Born and raised in West Virginia, I grew up surrounded by verdant hills and people working hard to extract coal from them. I tended to appreciate the hills more for their trails to ride and slopes to ski than the metric tonnage of coal that they contained.
Fast forward to junior year at Vanderbilt: I get my first passport and study abroad in New Zealand. A seed was planted. When senior year came and my fellow Economics majors were lining up jobs on Wall Street, I wanted exactly the opposite. So when a friend suggested that we try teaching English in Venezuela, I was up for it. A job in Caracas was the front door to a continent that I would spend 9 months traveling around via bus, boat, fruit truck, motorcycle, etc. It may be a bit of an understatement to say that I learned a lot on this trip. Over the next few years I would repeat the pattern of coming home to work on something that I thought would interest me, only to eventually feel stymied and yearn to be back on the road where I was in charge of my own schedule.
The last big trip south came with a mission to work in Nicaragua with a group called blueEnergy and to learn more about alternative energies. I had kept a list of business ideas for years, and it was there, working amongst volunteers from all over the world, that I came up with the idea for Sunbank Solar.
Sunbank brought me back to the hills of West Virginia.
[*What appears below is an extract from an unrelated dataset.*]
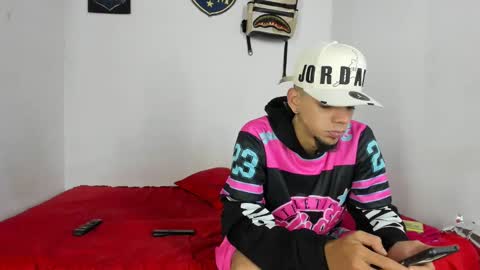 Snapshot of johan_and_antonella chatting on November 2, 5:32 am johan_and_antonella online show from November 2, 5:32 am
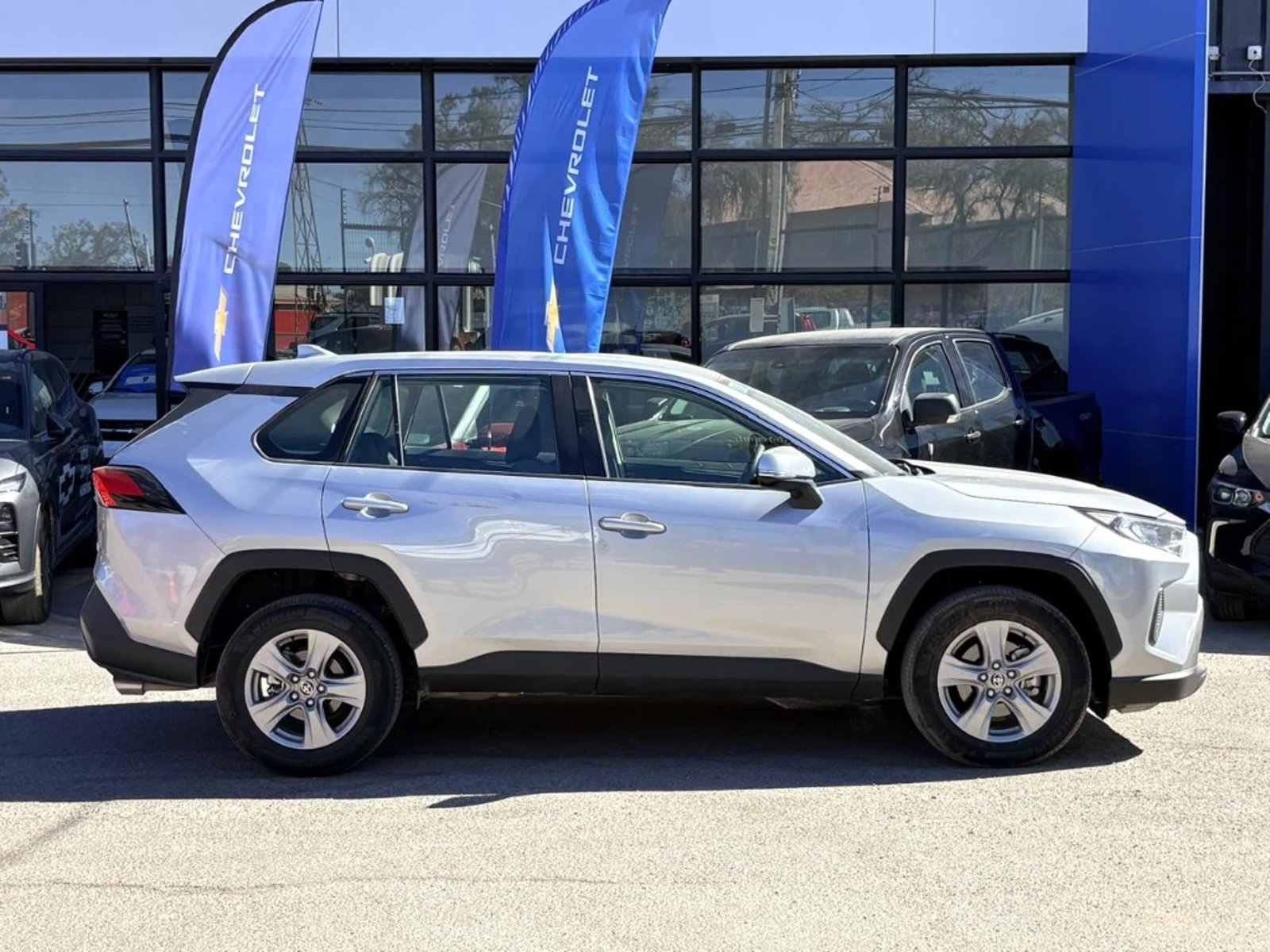 Toyota Rav4 2023 - Foto 4 de 20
Although ideologically it may be one of the tougher places for renewable energy, West Virginia is where my network is and would provide a rigorous testing ground for the “proof of concept.” Sunbank is taking root in West Virginia and our systems are starting to be incorporated into the construction plans for new schools and other prominent commercial projects; however, change comes slowly to West Virginia and progress is often met with a suspicious glare.
Solar Dividend was born out of the desire to hasten the adoption of this incredible technology and that is where my relationship with Wild Gift begins.